REQUIREMENT
Begin the copy at the line containing "Clínica Dental Diente Sano - Thumbnail" in the data below and end it at the line containing "augmentation lift before", keeping each line exact and leaving out pictures.

PROVIDED MATERIAL
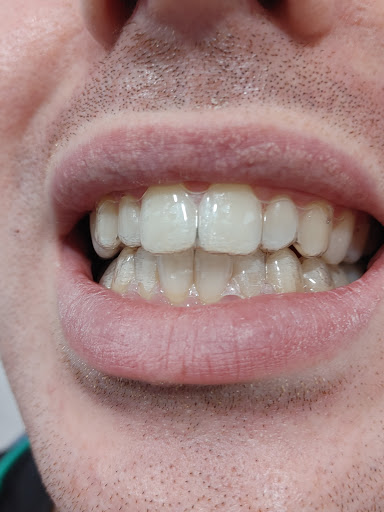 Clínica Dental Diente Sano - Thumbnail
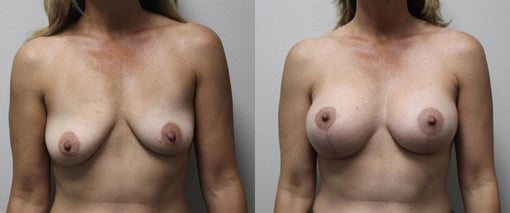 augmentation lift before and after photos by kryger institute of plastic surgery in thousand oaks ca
==
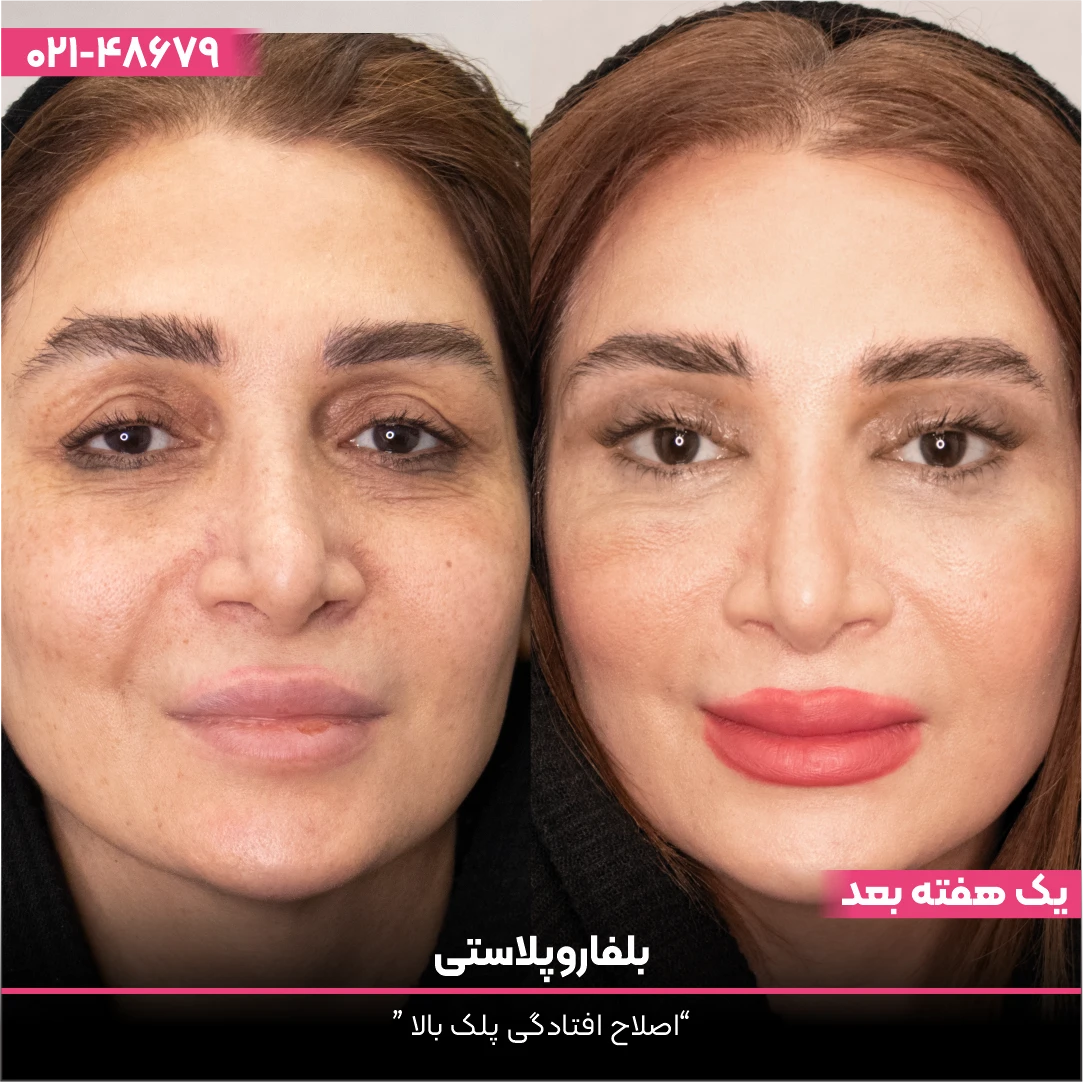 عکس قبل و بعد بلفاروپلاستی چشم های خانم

SOLUTION TO THE EXERCISE
 Clínica Dental Diente Sano - Thumbnail
 augmentation lift before and after photos by kryger institute of plastic surgery in thousand oaks ca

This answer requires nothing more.